**Records from a collection:**
+===+

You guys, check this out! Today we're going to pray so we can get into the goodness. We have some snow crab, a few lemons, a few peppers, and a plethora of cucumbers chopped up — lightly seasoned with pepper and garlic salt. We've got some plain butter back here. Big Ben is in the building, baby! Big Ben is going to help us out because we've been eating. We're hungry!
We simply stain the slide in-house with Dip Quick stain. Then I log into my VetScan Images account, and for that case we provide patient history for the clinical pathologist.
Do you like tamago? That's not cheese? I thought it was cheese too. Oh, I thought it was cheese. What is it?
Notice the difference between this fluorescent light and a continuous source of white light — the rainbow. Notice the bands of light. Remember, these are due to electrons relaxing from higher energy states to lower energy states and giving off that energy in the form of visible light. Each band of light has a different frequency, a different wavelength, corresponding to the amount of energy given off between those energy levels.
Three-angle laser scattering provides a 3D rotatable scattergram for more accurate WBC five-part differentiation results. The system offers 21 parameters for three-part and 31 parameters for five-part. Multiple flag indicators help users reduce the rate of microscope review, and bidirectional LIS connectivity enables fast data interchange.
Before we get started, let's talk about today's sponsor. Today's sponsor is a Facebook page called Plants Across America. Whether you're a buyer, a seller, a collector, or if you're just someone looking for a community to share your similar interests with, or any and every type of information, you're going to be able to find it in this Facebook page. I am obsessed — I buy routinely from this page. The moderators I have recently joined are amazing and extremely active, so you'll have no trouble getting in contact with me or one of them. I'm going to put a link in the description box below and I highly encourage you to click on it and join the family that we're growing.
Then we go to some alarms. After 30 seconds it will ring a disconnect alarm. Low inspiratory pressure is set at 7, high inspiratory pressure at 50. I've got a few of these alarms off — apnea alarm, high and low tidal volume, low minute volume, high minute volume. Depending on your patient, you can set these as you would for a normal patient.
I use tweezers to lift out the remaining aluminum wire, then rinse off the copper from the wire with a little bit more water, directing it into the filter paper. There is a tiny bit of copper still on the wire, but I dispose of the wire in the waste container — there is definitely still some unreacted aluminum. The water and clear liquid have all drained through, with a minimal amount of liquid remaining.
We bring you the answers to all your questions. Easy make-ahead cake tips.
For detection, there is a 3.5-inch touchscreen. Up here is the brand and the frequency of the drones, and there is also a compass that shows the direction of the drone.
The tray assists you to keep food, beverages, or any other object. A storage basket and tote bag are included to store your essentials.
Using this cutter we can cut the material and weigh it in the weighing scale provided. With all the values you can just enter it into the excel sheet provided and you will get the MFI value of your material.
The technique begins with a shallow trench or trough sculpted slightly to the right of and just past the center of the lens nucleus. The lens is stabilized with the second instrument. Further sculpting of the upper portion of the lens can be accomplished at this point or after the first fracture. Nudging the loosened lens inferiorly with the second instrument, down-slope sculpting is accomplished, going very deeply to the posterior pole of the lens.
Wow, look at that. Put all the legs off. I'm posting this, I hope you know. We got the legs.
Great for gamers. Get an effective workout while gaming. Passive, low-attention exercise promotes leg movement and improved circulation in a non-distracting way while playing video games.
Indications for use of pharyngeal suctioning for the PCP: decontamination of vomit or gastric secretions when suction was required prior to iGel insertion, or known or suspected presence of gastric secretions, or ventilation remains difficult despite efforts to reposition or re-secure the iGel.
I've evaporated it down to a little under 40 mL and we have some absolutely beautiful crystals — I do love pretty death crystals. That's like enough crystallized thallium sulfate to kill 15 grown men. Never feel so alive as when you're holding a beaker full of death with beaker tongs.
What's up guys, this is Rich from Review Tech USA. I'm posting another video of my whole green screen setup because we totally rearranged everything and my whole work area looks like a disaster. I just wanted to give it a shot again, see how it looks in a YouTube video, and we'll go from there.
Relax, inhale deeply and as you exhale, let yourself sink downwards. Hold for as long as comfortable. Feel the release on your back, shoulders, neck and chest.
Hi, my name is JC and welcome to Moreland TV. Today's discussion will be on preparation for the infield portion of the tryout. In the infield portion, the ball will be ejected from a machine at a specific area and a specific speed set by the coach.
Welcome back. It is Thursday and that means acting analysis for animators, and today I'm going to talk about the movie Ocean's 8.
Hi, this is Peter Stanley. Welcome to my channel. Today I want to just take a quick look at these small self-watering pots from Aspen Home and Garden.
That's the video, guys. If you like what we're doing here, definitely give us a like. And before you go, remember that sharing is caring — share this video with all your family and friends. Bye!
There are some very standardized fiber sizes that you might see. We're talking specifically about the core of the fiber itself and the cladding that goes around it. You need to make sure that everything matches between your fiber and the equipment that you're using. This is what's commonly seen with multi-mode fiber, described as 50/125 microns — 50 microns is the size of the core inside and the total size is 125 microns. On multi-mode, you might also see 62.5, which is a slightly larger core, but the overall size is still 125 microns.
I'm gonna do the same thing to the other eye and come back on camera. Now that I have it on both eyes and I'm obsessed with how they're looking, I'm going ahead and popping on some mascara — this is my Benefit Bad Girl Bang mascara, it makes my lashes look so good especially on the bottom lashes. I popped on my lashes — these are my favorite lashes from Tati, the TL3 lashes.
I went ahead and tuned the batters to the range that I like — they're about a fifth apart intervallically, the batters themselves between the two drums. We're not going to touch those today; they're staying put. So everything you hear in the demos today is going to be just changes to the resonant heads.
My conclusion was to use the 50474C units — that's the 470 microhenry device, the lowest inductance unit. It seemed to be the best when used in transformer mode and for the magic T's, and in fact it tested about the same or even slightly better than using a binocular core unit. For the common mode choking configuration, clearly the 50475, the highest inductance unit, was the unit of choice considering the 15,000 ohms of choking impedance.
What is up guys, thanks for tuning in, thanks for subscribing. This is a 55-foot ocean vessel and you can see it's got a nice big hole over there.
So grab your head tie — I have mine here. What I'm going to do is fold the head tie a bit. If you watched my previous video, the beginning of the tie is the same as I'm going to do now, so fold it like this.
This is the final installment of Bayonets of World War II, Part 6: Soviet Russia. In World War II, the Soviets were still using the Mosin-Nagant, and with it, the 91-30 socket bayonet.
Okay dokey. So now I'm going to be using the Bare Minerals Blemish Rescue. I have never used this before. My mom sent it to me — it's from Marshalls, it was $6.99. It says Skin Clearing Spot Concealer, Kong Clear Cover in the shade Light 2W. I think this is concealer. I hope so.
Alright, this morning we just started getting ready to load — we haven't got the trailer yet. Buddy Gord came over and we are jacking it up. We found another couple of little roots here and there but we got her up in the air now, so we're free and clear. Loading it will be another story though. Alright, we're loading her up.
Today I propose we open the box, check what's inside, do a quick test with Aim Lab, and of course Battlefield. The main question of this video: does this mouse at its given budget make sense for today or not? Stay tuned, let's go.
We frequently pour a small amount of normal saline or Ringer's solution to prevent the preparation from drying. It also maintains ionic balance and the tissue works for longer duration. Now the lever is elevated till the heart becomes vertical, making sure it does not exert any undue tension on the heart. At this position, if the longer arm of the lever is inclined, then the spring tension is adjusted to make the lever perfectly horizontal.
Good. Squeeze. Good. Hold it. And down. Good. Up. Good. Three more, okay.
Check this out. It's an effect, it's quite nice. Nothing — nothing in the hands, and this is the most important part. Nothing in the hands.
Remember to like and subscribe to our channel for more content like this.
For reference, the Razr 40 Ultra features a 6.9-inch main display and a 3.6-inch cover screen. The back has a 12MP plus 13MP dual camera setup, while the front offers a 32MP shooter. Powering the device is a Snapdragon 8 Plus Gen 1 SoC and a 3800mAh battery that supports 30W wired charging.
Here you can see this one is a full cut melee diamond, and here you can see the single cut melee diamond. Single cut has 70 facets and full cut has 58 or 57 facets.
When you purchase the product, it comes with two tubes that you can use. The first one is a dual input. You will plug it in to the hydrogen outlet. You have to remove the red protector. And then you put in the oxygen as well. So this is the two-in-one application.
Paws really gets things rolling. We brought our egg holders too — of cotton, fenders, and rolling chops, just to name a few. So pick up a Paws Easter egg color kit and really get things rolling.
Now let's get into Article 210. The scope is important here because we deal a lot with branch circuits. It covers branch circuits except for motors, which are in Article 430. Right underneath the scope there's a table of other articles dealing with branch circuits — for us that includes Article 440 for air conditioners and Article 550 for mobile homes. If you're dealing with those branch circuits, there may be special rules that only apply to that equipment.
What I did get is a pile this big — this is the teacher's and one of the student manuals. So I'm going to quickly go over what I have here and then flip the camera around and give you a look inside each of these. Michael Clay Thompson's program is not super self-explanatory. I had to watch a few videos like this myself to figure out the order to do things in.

+===+

**WHAT NEEDS TO BE DONE:**
Copy only this part of the entries above: the line with "Here you can see this", the line with "Paws really gets", and the lines between, all exactly as written.

**TASK SOLUTION:**
Here you can see this one is a full cut melee diamond, and here you can see the single cut melee diamond. Single cut has 70 facets and full cut has 58 or 57 facets.
When you purchase the product, it comes with two tubes that you can use. The first one is a dual input. You will plug it in to the hydrogen outlet. You have to remove the red protector. And then you put in the oxygen as well. So this is the two-in-one application.
Paws really gets things rolling. We brought our egg holders too — of cotton, fenders, and rolling chops, just to name a few. So pick up a Paws Easter egg color kit and really get things rolling.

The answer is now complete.